Given information —
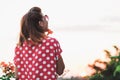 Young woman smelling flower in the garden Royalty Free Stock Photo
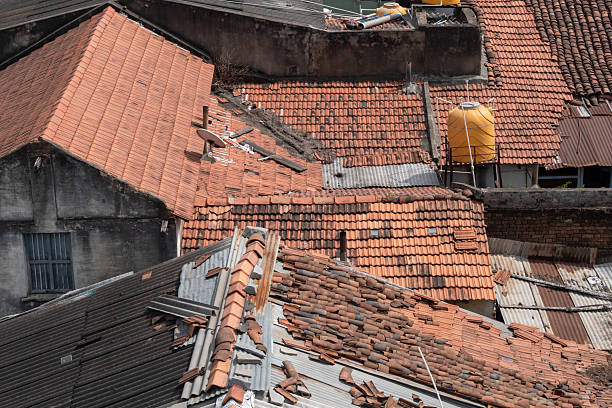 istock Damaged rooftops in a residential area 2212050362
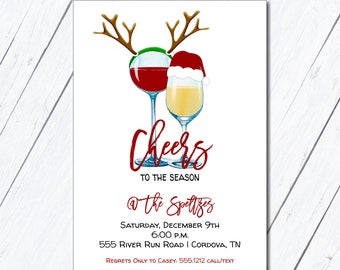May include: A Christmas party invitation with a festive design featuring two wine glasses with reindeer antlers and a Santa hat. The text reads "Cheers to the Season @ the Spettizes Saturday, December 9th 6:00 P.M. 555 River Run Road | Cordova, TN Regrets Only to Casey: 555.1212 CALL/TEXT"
* * *
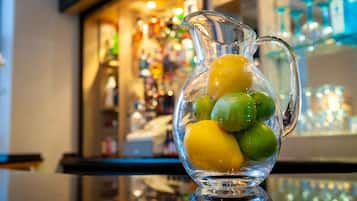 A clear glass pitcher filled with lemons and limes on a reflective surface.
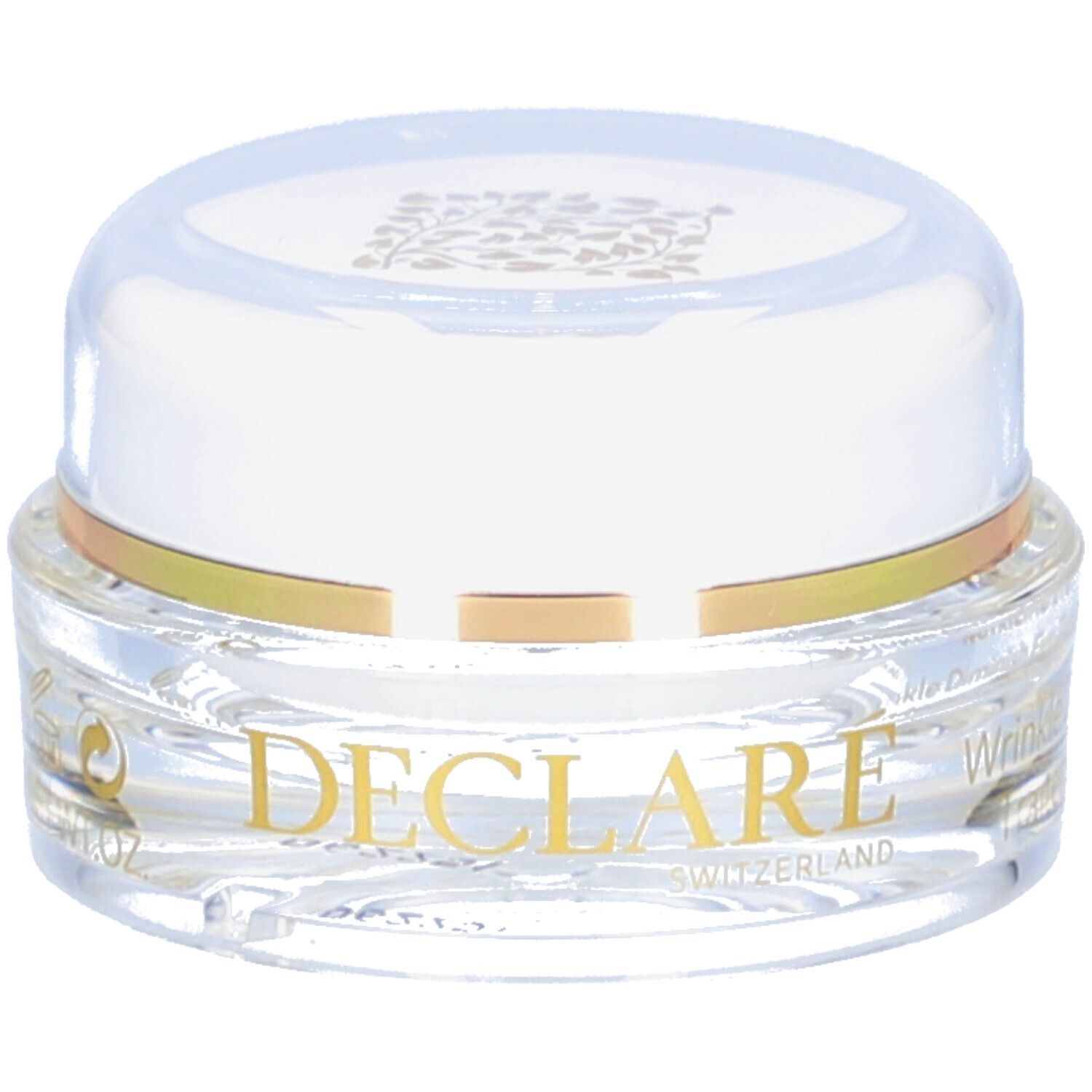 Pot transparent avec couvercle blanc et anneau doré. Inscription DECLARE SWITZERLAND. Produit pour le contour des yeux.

Work required —
From the listing above, please give again the lines that begin with the line holding "Young woman smelling" and go on through the line holding "May include: A", exactly, both ends included, minus any picture.

Finished exercise —
 Young woman smelling flower in the garden Royalty Free Stock Photo
 istock Damaged rooftops in a residential area 2212050362
May include: A Christmas party invitation with a festive design featuring two wine glasses with reindeer antlers and a Santa hat. The text reads "Cheers to the Season @ the Spettizes Saturday, December 9th 6:00 P.M. 555 River Run Road | Cordova, TN Regrets Only to Casey: 555.1212 CALL/TEXT"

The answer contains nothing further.